In other words, *I* could ask the Probation Department to investigate *me*, and upon learning that I had no file because I haven't been convicted of anything, they'd tell me to go away and have a nice day -- if they were being polite. (Actually, my experience in dragging undergraduates down to see them is that they usually are because they appreciate not having to chase you down, but I digress....)
Again, in other words, I'd love to know what is on the father's CORI, and I suspect that is a big part of this -- he doesn't want his daughter being told that her father is a criminal, etc...
It's an interesting free speech issue -- does Parent A* have the right to prevent Parent B* from revealing CORI-protected information to their child? Criminal convictions are confidential in Massachusetts (which is another issue) and there are laws against reveling this information (IMHO unconstitutional laws, but I digress...).
So if Parent B only knows something because of CORI privilege, can Parent A turn around and enforce that privilege?

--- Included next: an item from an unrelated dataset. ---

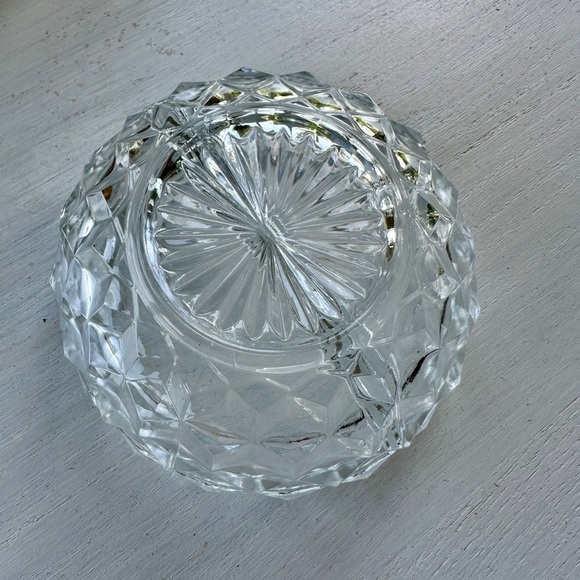 1940’S FOSTORIA, PRESSED GLASS. CLEAR, CUBED GLASS WITH SAWTOOTH RIM. - Picture 4 of 7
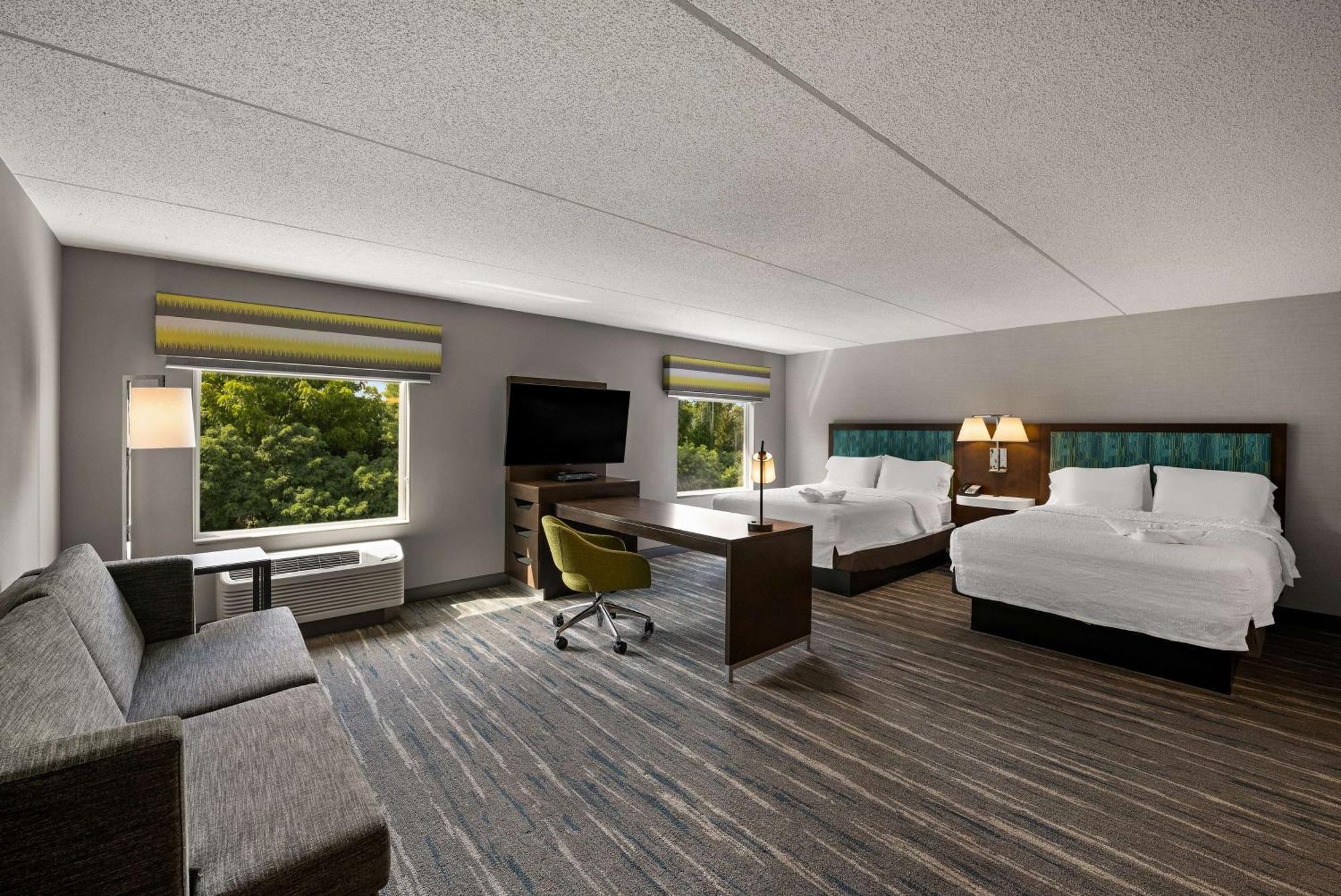Hampton Inn & Suites Poughkeepsie Spackenkill Bagian luar foto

The reality of family court is judicial discretion, the state empowers the court to do whatever it wants based on 'discretion', the standard of review is that if there was no abuse of discretion, the trial court ruling is not disturbed. The court has discretion to tell the parents what they do around the kids, it is upheld across the country, there are no First Amendment protections in family court, no Fourth, Fifth or Fourteenth, the power of the state court does not flow from the Constitution, it comes from the ancient royal parens patriae powers, which allows it to act as the state father over the kids and the parents. So if the court says you are going to make sure homework is done, that is an order of the court and you will comply.
The analysis of the appellate court will fall, it is inconsistent with parens patriae powers.
>The parents shall not discuss with the child the nature of any past, present or future legal proceedings.
The judge deserves to be flogged for this. No judge has any business prohibiting anyone from discussing "any past, present or future legal proceedings" with anyone else. (And if the he wanted to limit this to a certain category of proceedings, he shouldn't have phrased it with the widest possible language.)
This court order is part of a legal proceeding, and it directly affects the child. But the parents aren't allowed to tell them about it? That's a violation of the rights of the child AND the parents.
What if one day the child gets in legal trouble? The parents aren't allowed to discuss it with them? Heck, what if the child decides they want to discuss Roe v. Wade? They're 12; serious discussions of legal matters are not impossible.
And furthering my assertion that the judge is incompetent: I know the kid is 12 because the judge forgot to censor the kid's name and DOB in one spot. Now, I'm all for getting rid of the secrecy of family court, but I highly doubt this was intentional.
Davy C: Thanks for pointing out the redaction glitch; I've now redacted that reference as well. Just to be clear, the judgment itself, which I got from the court's records, did not redact the child's name or birthdate; I decided to do that myself, as just an editorial judgment on part (not as a matter of legal obligation).